There is a scene in the movie “The Shoes Of The Fishserman“, 1968, where Kiril Lakota, (Anthony Quinn), soon to become Pope, escapes the confounds of the Vatican Palace and wanders the back streets of Rome, the tenements, the bustling crowds, the scampering children, the washing hung out on strung lines, and encounters Dr. Ruth Faber, (Barbara Jeffords). She finally recognizes him and asks, “What are you doing here?” He replies, “I wanted to hear all these noises and to watch the people living, just simply living“. Here at Toscana, it came to mind. Here within all these higgle-dee-piggle-dee apartments and balconies and stairs, the families going to and fro, car doors shutting, dogs occasionally barking, children calling, running, riding, sometimes laughing and sometimes protesting. Here amongst the quiet gardens, the shading Palms, the blooming yellow Mesquite, the green stemmed Palo Verde, pale pink Oleander, the sounds of people living. Uninvolved; strangely, I feel included.
A catch-up call this week to Dee in her East seemingly stuck in Groundhog Day, repeating flowering Spring thrice over. I then realized that my signs of Spring are no longer the noted, first roar of a lawn mower cutting, the first sighting of the Caputos enjoying their porch, or the first chirp of Robins nesting. It’s previous weekend’s 101˚, this weekend’s 60˚, previous weekend’s sunshine and last weekend’s rain storms.
And the information updates that only a good friend could find interesting. The Starbucks gift card from my Drexel students that was supposed to energize Dee and I on our journey … finally found. Where it was intended to be, stored for easy discovery and safe keeping. The table lamp that I was certain I had kept … found hidden in the spare wheel well along with the china creamer and saucer overlooked at packings end. Big discoveries, small treasures. The progress forward, the house items purchased, the improvements made, the new people met, the Palm Spring weekend recalled, the vanity license plate received. The easy chit and chat of knowing good friends.
And Tickey’s last slide into Arizona-car-hood.

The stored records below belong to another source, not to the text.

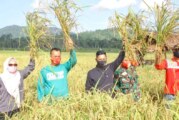 Wakil Bupati Lingga Bersama Ketua Komisi III DPRD Lingga Panen Padi Sawah Desa Lanjut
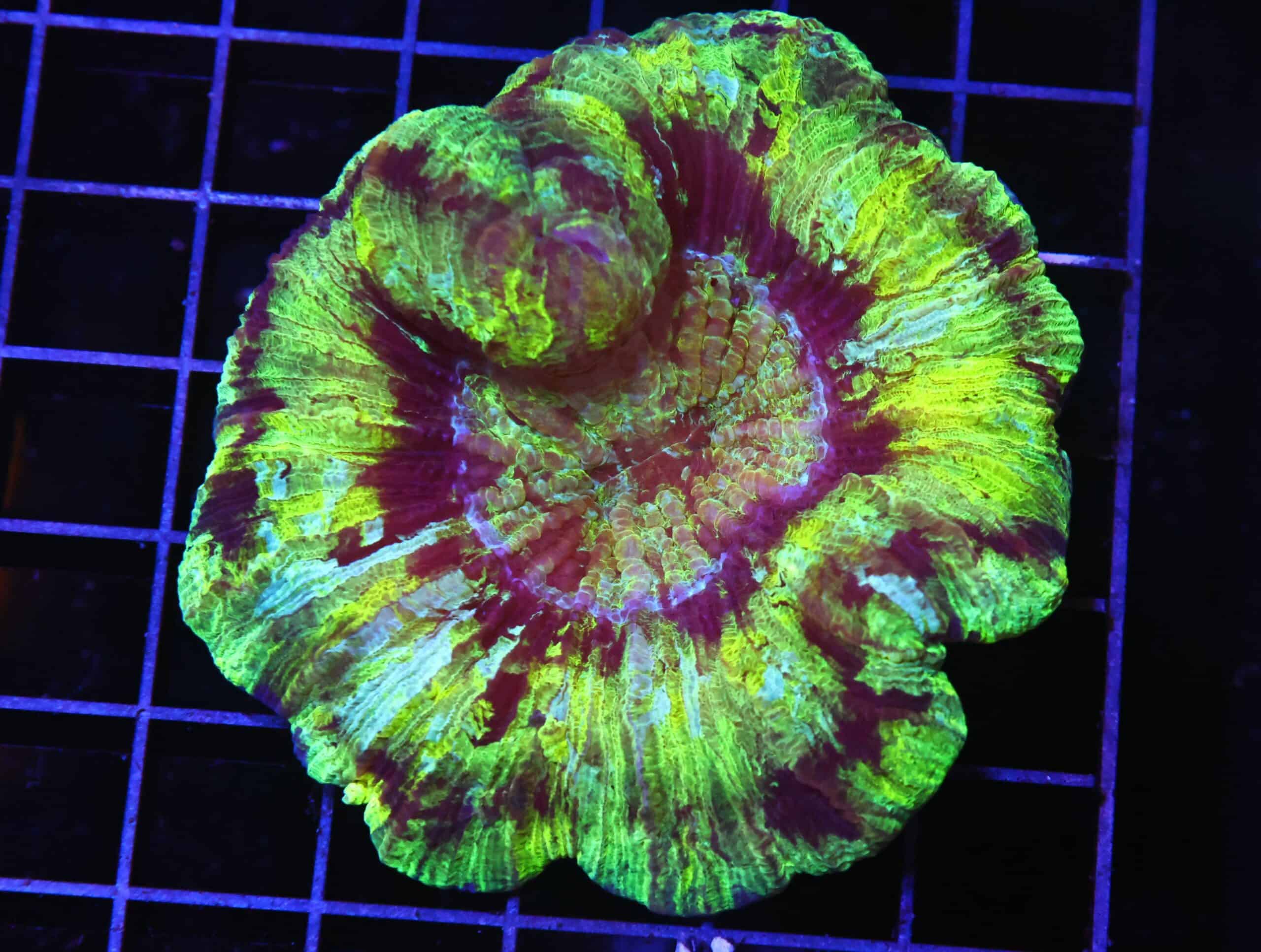 H120 - INDO ELECTRIC SPARK TRACHY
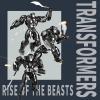imageYOLOPARK Bumblebee Transformers Toy Rise of The Beasts Action FigureHighly Articulated 65 Inch Transformer Toys for Boys Girls 8 Years Old and UpNo Converting Bumblebee Model KitOptimus Primal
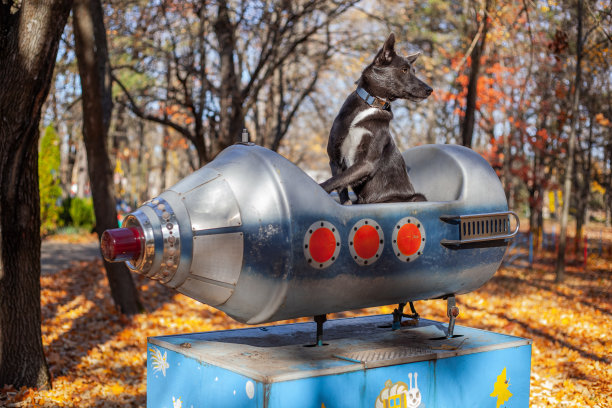 游乐园里一只灰色的狗坐在玩具飞船里图片下载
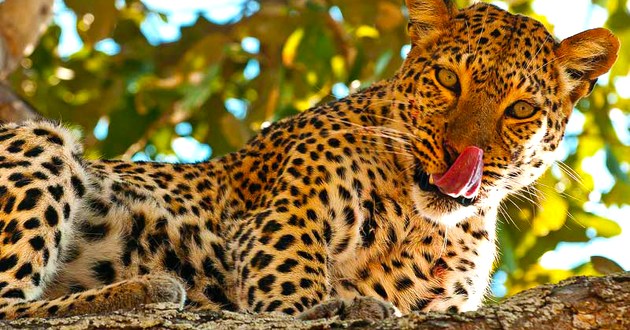 SkySafari by Elewana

Her appointment kept with the tinting glass man, Dave, Arizona Window Tinting LLC, performed on-site for $130. A choice of light, medium and dark, or, colloquially, usual, limo and distinctly-dah-hood. Tic’s tint was distinctly standard. No fluffy dice from the rear view mirror for her, nor jiggling hula girl on the dashboard and super fast wheel hubs for the neighborhood! But it still gave her an air of newness and coolness. A fascinating film process, templated, trimmed, moulded then mounted, first exteriorly, then interiorly. Now, at least the sun won’t get me. And dah girl looks dahm good.